So you say, “unhinge me”, Pirocacos! Stoics might retort that I have misconstrued and misrepresented the philosophy of their forefathers in that living a eudaimonic life free from unnecessary and irrational preoccupations does not speak to indifference, a rather inhumane attitude to invest in after all. It is rather in acknowledging the causal workings of the universe through attentive rational scrutiny that one is well positioned to deal with unrealized goals, negotiate misfortunes, and endure ensuing suffering. The point is that there is a rational order to the unfolding of Nature that one is well advised to address when engaged in the practice of living life. After all we do live in this natural world and it is constitutive of laws of nature (you wouldn’t cajole someone to jump from the 6th floor because it is the fastest route to the College cafe because you know that he’d meet with his death!) and causal forces that one can with varying degree of probability determine in order to better secure the ends. Of course, as I hope I have in outline already made clear, this is to miss the point.
So though the process of deconstruction may appear neurotic and outwardly in disarray, in fact, it is only so perceived by the ill-tempered with a mind to what is apprehended by ageless paradigms and/or those that one holds dear to their heart!
So here I am already 4 days late attending to Epictetus’s Enchiridion and Nietzsche’s The Twilight of the Idols. Strangely I find solace in both these authors despite the contrariety of their underlying philosophies. Happiness, said Socrates, is the end of all human activity; no one would, as it were, ever pursue her own unhappiness. Indeed, this is what set him on his track to that all-too-unfortunate qua Nietzsche triadic arrangement: virtue=knowledge=happiness. For if Socrates is astute in this aforementioned assertion, then engaging in actions, and/or adopting beliefs, that run the pursuit of happiness aground cannot be performed in full cognizance. Knowing that causing harm to others inadvertently harms oneself and hence jeopardizes one’s own happiness, one would not betray, deceive, humiliate, rob, demoralize, exploit others.
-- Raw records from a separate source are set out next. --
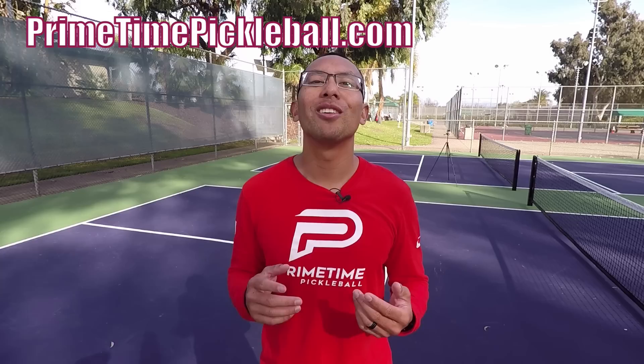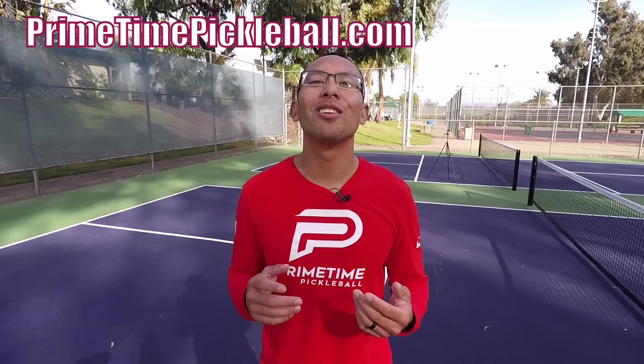If you enjoyed this video, please give it a like. Thanks so much for watching. For more free video lessons please visit primetimepickleball.com, and make sure you subscribe to our YouTube channel so you don't miss out on any future videos. Also, for Primetime Pickleball shirts and other great apparel, please visit ptpgear.com.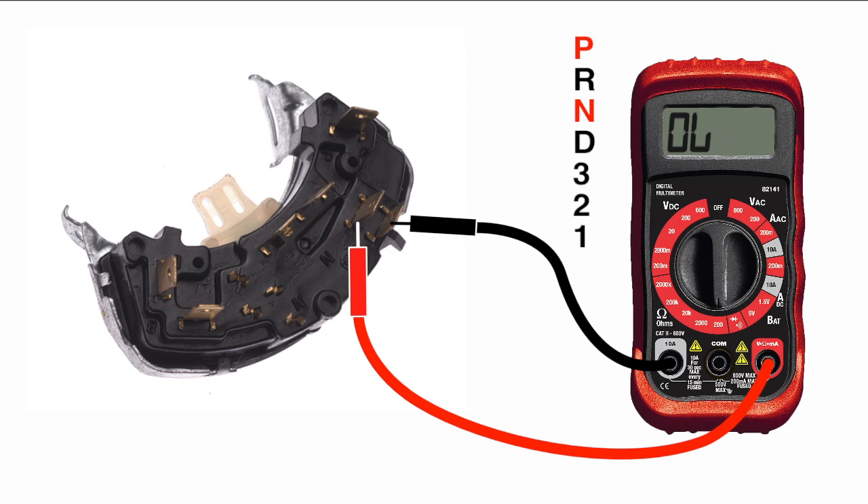Using an ohmmeter is a good way to check your switch if you're having a no start issue. If the switch has no continuity when the car is in park or neutral, your linkage is possibly out of adjustment or you have a faulty switch. You can verify this by manually moving the switch through each position by hand.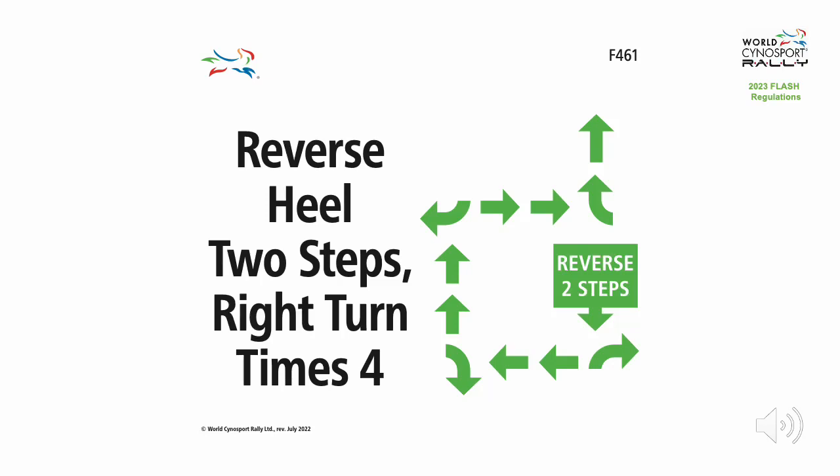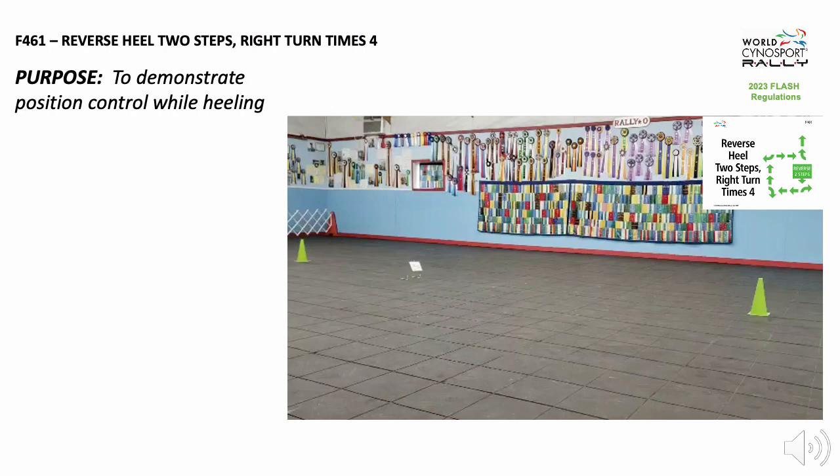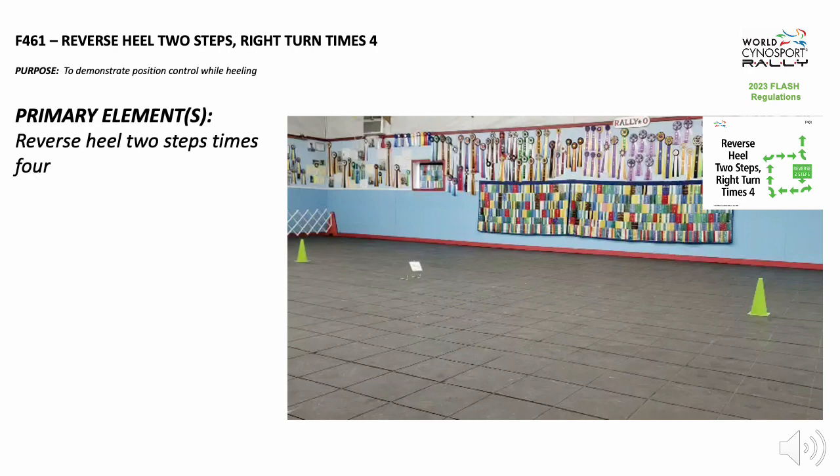Flash Exercise F461: Reverse Heel 2 Steps Right Turn, Times 4. The purpose of this exercise is to demonstrate position control while heeling. The primary element in this exercise is reverse heel 2 steps, times 4.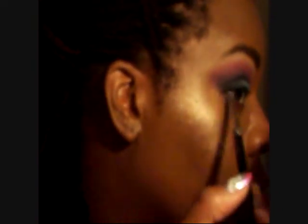I'm continuing to smokify this look. I'm going to bring it up into that plummy color just a little bit and fade out, making sure it's all blended. Then I'm going to touch up again with the blue.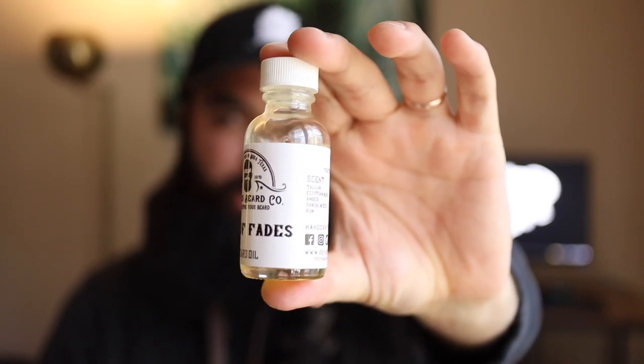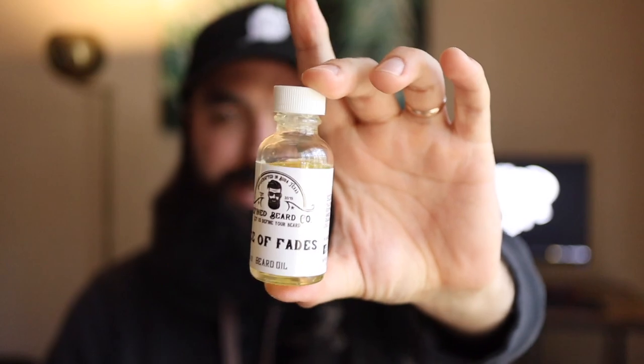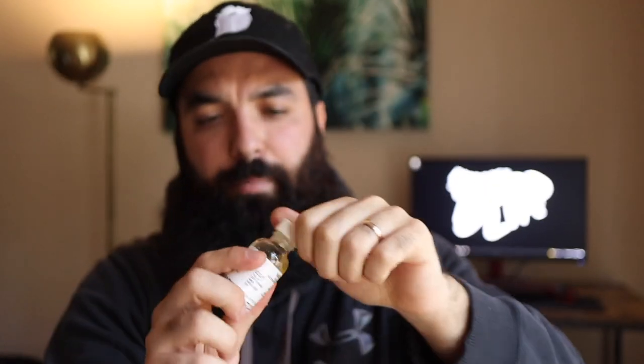Like I said in the intro, today we are talking about Ace of Fades from Define Beard Company. I will note that this is a new top — I kind of like the look of it though: the white label with the white top and the clear bottle. Overall pretty cool looking, not a huge difference from some of the older ones, but still pretty cool.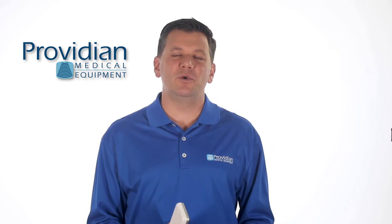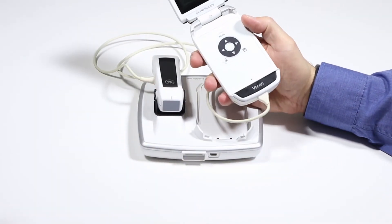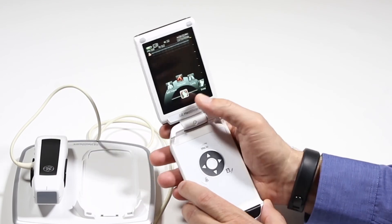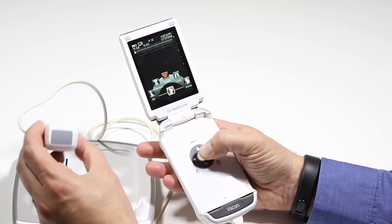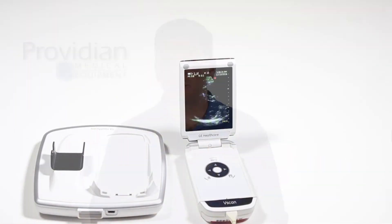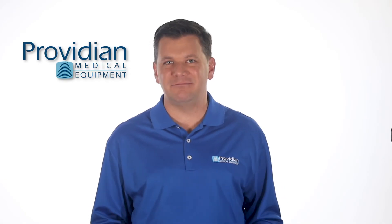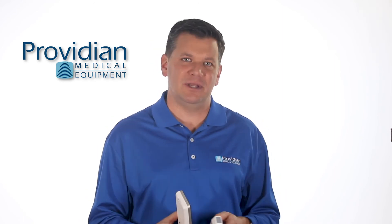For those of you coming from the previous model — the GE vScan Dual Probe, which is smaller and has a flip screen — you'll find the image quality to be about the same. The advantages found here are its larger screen, extra tools, Wi-Fi, apps, and the touchscreen interface. The image quality and speed between the two are pretty much equivalent; however, you can do a lot more with the apps and the touchscreen interface.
So members of the 30 Tyrants must assuredly have acted from ignorance, or at the very least involuntarily. A life of happiness would then be a life epistemically charged. Everything is riding on acquiring knowledge. But knowledge of what exactly? Well, knowledge of what it is to live a virtuous life dummie! 😉 Stoic philosophy would have no qualms embracing this general position. But in my estimation it is here that they part ways, for Socraticism (dare I call it that!) makes good use of the role of reason but to my knowledge this rests not in any attribution to the workings of the world or the natural order of things. Indeed, despite Nietzsche’s ad hominem attack on the man in The Problem of Socrates, his ambivalence, noted as early as Walter Kaufman’s 1974 seminal work Nietzsche: Philosopher, Psychologist, Antichrist (Princeton University Press 1974), suggests at least the possibility of other features at work in this text. (FYI: In my book The Pedagogic Mission: An Engagement With Ancient Greek Philosophical Practices, much is said to distance Socrates from that monochromatic view of rational deliberative inquiry. Link here: https://rowman.com/ISBN/9780739126530/The-Pedagogic-Mission-An-Engagement-with-Ancient-Greek-Philosophical-Practices) I would submit that Nietzsche acknowledges in Socrates the spirit of the overman, albeit trapped by an unfortunate state of circumstance that would have him riding in on his white horse flagging reason as the great emancipator from the elusive hegemonic trail of false idols.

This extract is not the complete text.